Data shown →

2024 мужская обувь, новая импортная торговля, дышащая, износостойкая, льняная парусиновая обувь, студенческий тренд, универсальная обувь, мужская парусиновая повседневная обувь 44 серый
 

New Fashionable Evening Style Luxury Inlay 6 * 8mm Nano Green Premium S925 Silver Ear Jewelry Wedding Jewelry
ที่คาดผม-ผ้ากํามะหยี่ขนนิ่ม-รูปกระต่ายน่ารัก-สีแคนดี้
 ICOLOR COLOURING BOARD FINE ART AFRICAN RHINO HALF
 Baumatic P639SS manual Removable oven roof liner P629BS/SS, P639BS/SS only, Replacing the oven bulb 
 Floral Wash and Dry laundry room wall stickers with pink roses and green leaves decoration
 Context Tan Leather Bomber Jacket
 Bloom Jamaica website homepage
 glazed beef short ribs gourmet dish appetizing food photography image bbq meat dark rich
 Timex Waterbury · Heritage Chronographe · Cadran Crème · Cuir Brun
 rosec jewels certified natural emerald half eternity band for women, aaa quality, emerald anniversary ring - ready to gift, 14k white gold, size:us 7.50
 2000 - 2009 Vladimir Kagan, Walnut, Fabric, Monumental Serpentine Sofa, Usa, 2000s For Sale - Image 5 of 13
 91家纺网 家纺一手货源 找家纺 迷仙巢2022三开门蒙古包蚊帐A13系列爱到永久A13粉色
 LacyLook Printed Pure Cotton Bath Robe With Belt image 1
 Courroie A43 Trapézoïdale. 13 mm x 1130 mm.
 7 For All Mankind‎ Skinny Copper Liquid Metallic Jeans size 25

Task →
Search the entries above for "size". Show every line that has it.

Solution for this problem →
 rosec jewels certified natural emerald half eternity band for women, aaa quality, emerald anniversary ring - ready to gift, 14k white gold, size:us 7.50
 7 For All Mankind‎ Skinny Copper Liquid Metallic Jeans size 25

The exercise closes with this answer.